The records:

^^^^

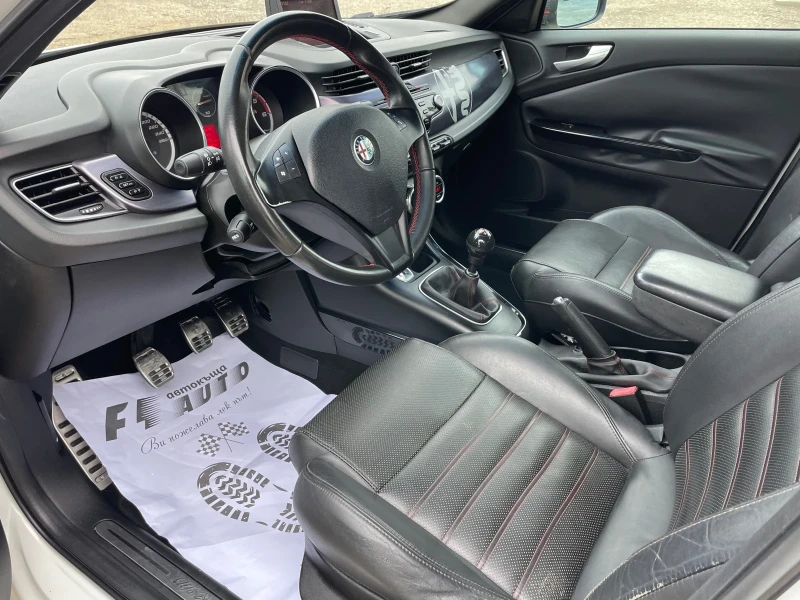 Alfa Romeo Giulietta 2.0jTD-170-NAVI-SPORT-ITALIA, снимка 12 - Автомобили и джипове - 48477316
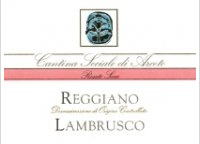 Cantina Sociale di Arceto Lambrusco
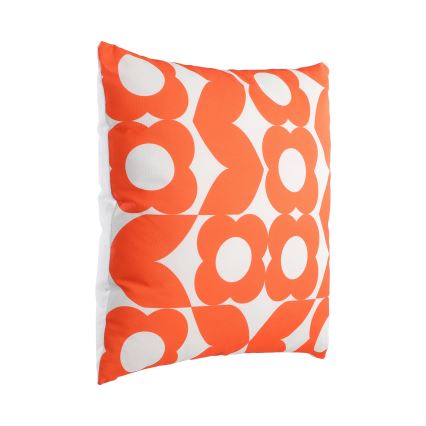 Eglo 420247 - Cojín decorativo TSUNAN 45x45 cm naranja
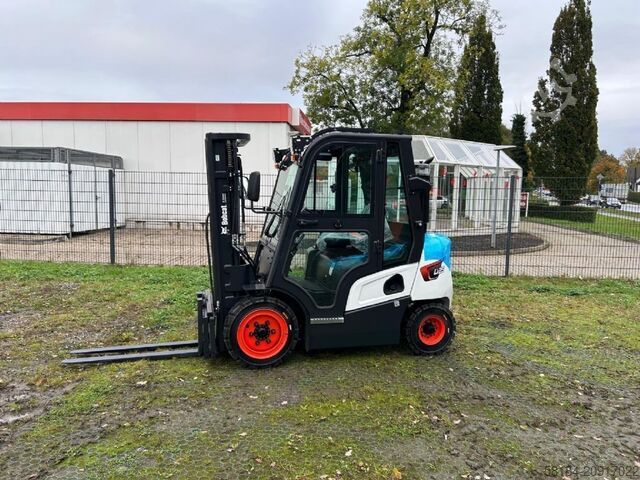 Diesel Forklift Bobcat D25 NXP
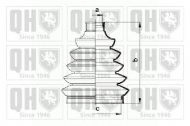 Комплект пыльника QUINTON HAZELL QJB924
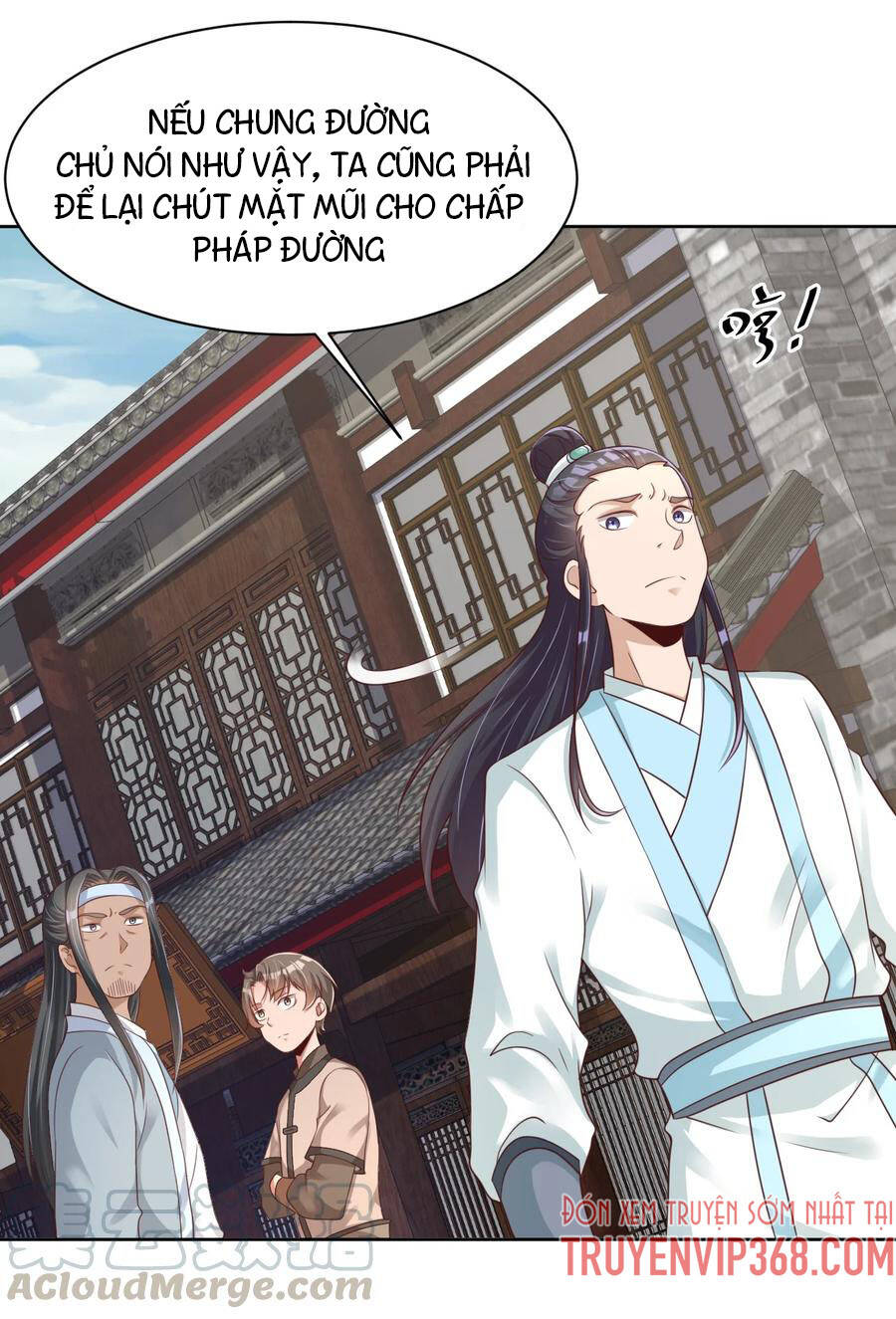 Sau Khi Max Độ Yêu Thích chapter 35 - Upload bởi truyensieuhay.com
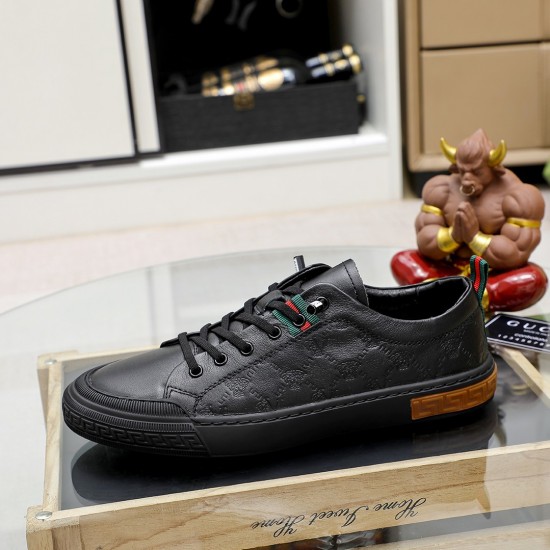 Gucci Shoes: Top Quality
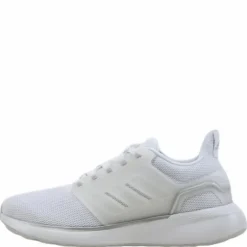 EQ19 Run Shoes Cloud White / Cloud White / Silver Metallic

^^^^

Your objective:
When repeating the material above, keep every line exact and drop all pictures.

Answer below:
 Alfa Romeo Giulietta 2.0jTD-170-NAVI-SPORT-ITALIA, снимка 12 - Автомобили и джипове - 48477316
 Cantina Sociale di Arceto Lambrusco
 Eglo 420247 - Cojín decorativo TSUNAN 45x45 cm naranja
 Diesel Forklift Bobcat D25 NXP
 Комплект пыльника QUINTON HAZELL QJB924
 Sau Khi Max Độ Yêu Thích chapter 35 - Upload bởi truyensieuhay.com
 Gucci Shoes: Top Quality
 EQ19 Run Shoes Cloud White / Cloud White / Silver Metallic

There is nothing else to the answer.